*Data below*.
⟨

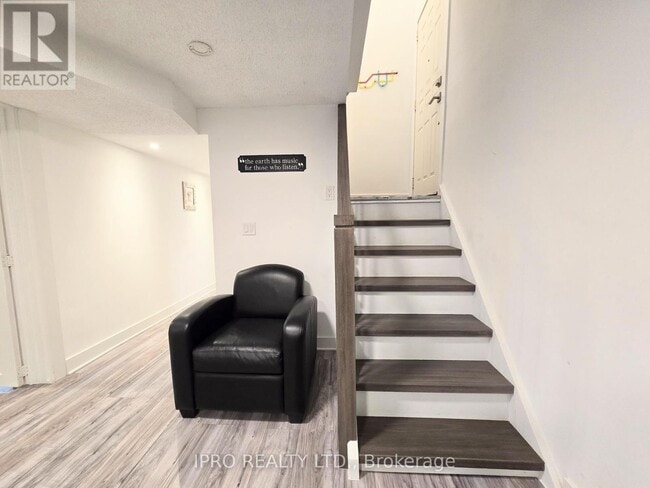 Building Photo - 10 Lonborough Ave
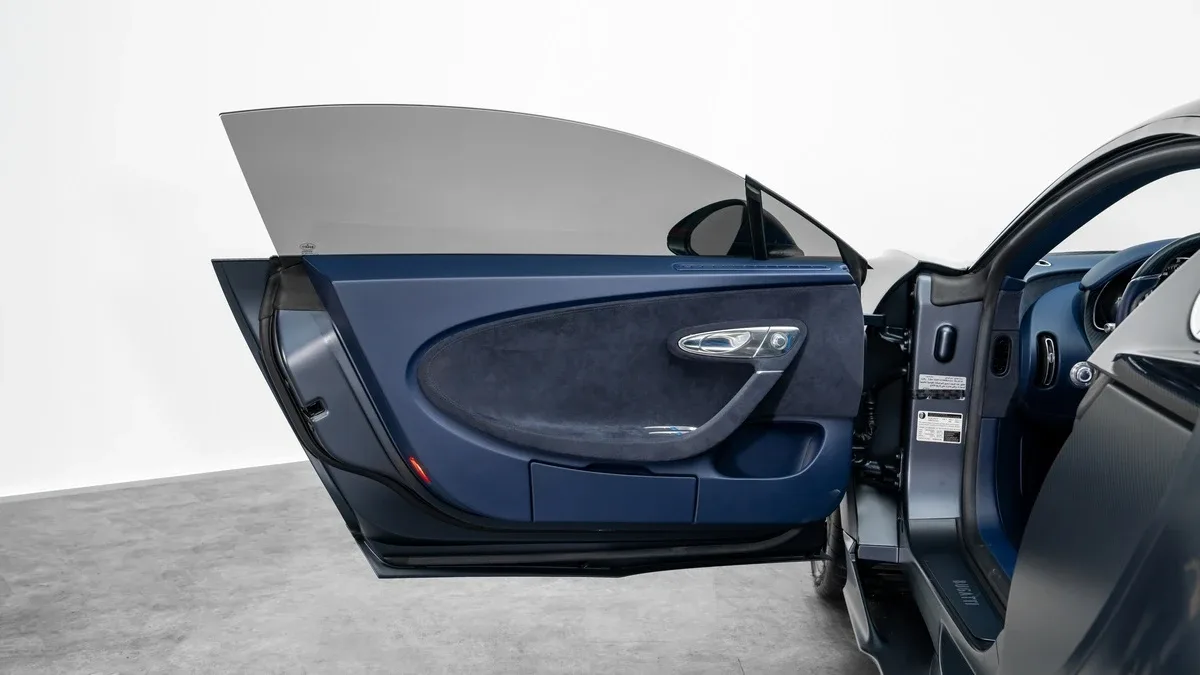 2020 Bugatti Chiron Sport angeboten von einem Fachhändler in Dubai, Vereinigte Arabische Emirate, Foto 10 von 25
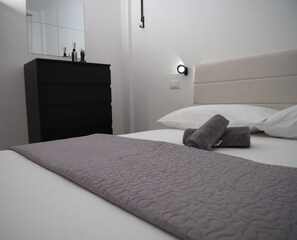 2 bedrooms, iron/ironing board, WiFi, bed sheets - Tamerici Salmastre Apartment (Montesilvano)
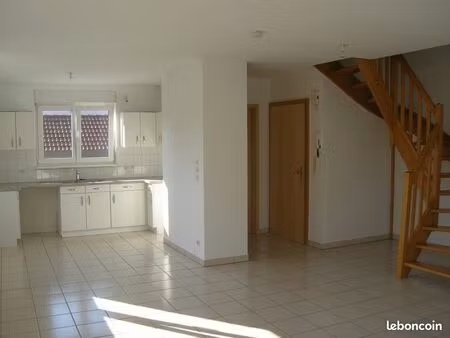 roppenheim  duplex f4  80m2 dans maison bi famille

⟩

*Task description*. Write out an exact copy of the lines beginning at the line that contains "2 bedrooms, iron/ironing" and ending at the last line of the listing. Exclude pictures.

*Exercise solution*.
 2 bedrooms, iron/ironing board, WiFi, bed sheets - Tamerici Salmastre Apartment (Montesilvano)
 roppenheim  duplex f4  80m2 dans maison bi famille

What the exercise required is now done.